==== Records provided

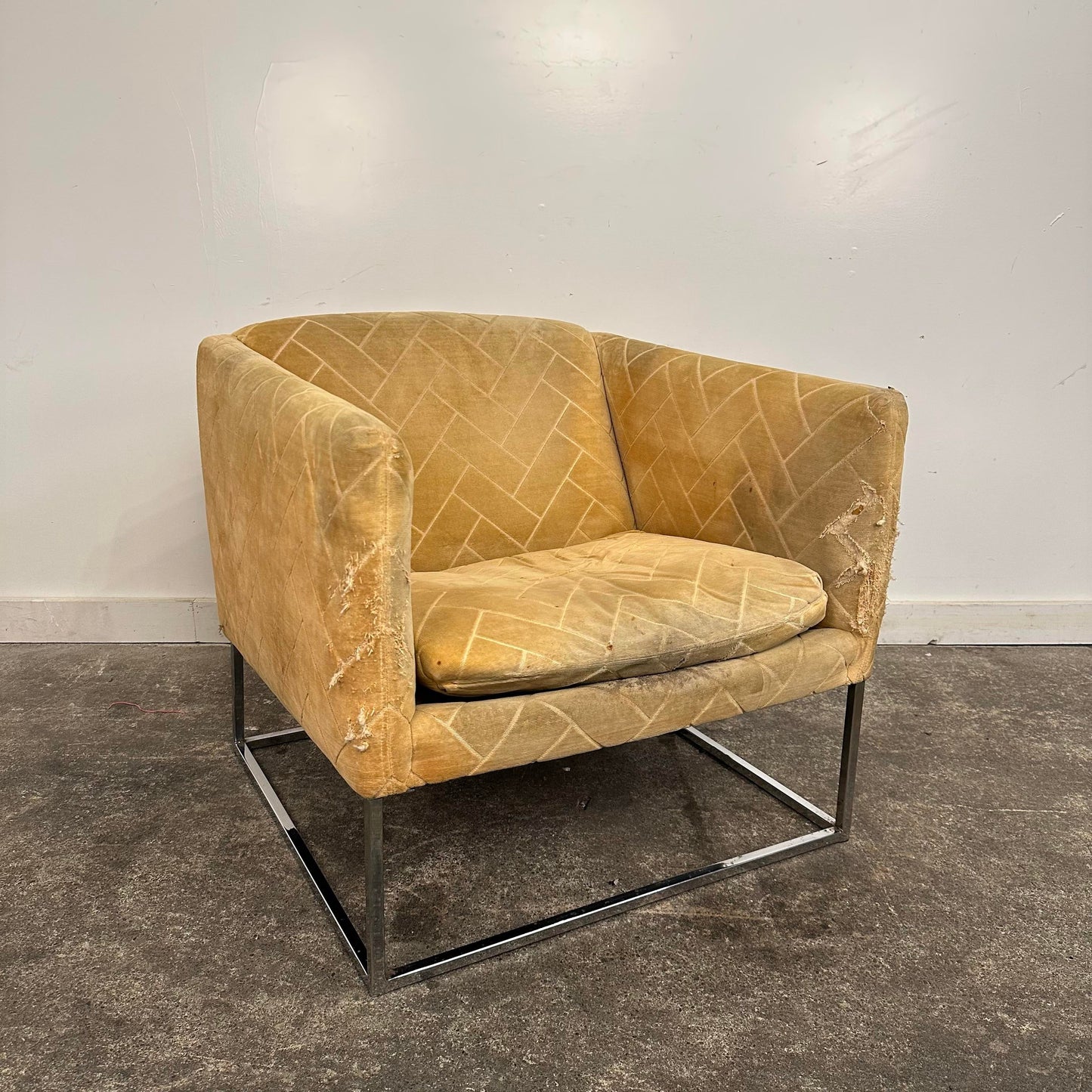 Mid Century Modern Berhardt Flair Lounge Chair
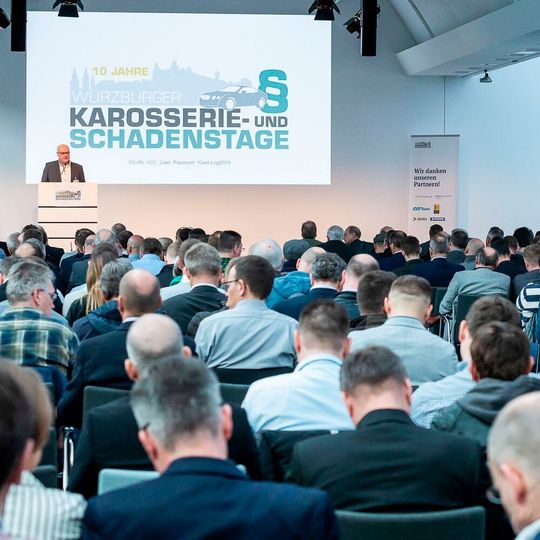 Auch 2020 werden wieder über 1.000 Teilnehmer bei den Würzburger Karosserie- und Schadenstagen erwartet. Auch 2020 werden wieder über 1.000 Teilnehmer bei den Würzburger Karosserie- und Schadenstagen erwartet.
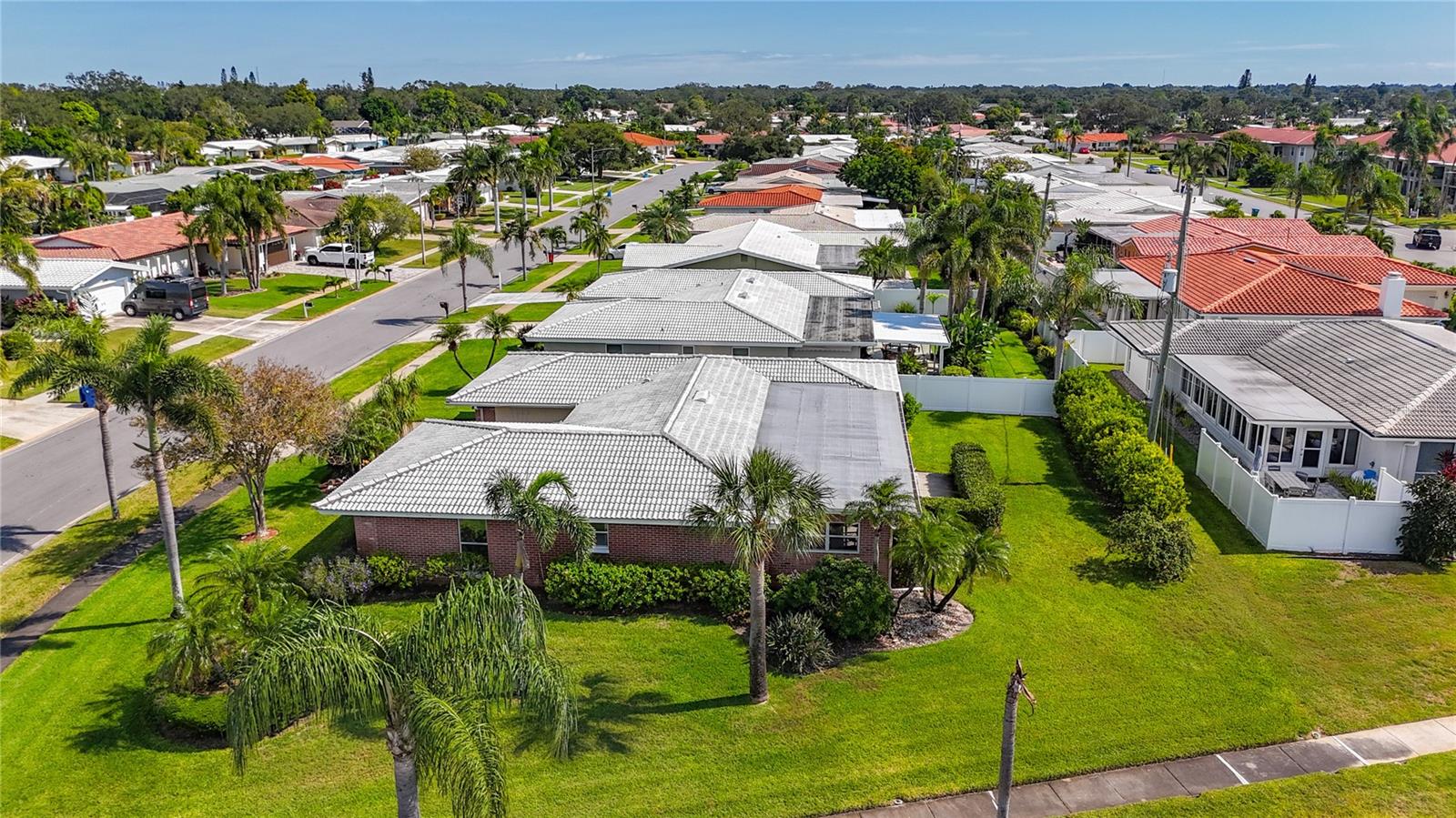 Image 62 of 83 For 14996 Imperial Point Drive N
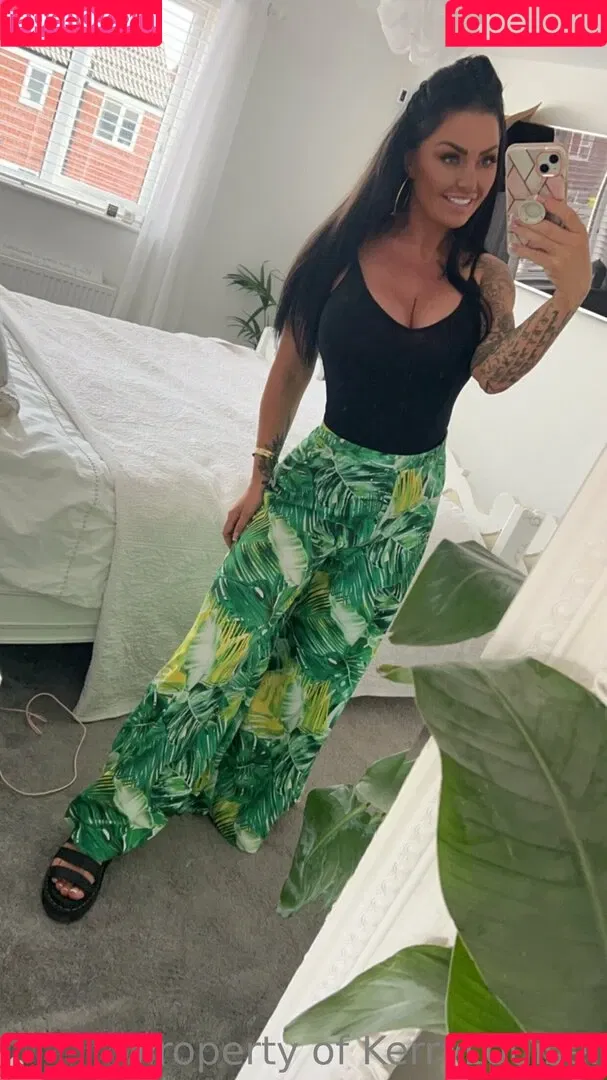 kerrylouise_xxx Onlyfans Photo Gallery 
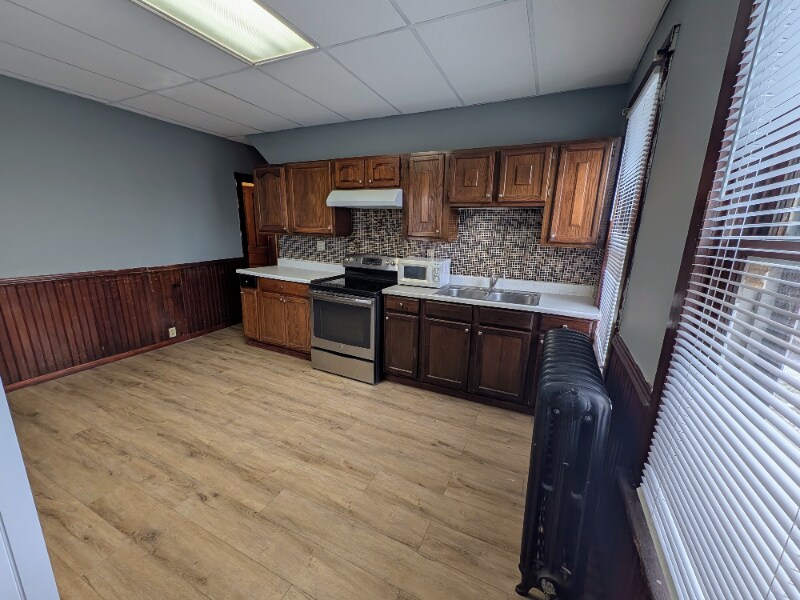 Building Photo - 214-214 S Front St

========

— Activity —
Pictures aside, every entry above must be repeated exactly.

— Solution below —
 Mid Century Modern Berhardt Flair Lounge Chair
 Auch 2020 werden wieder über 1.000 Teilnehmer bei den Würzburger Karosserie- und Schadenstagen erwartet. Auch 2020 werden wieder über 1.000 Teilnehmer bei den Würzburger Karosserie- und Schadenstagen erwartet.
 Image 62 of 83 For 14996 Imperial Point Drive N
 kerrylouise_xxx Onlyfans Photo Gallery 
 Building Photo - 214-214 S Front St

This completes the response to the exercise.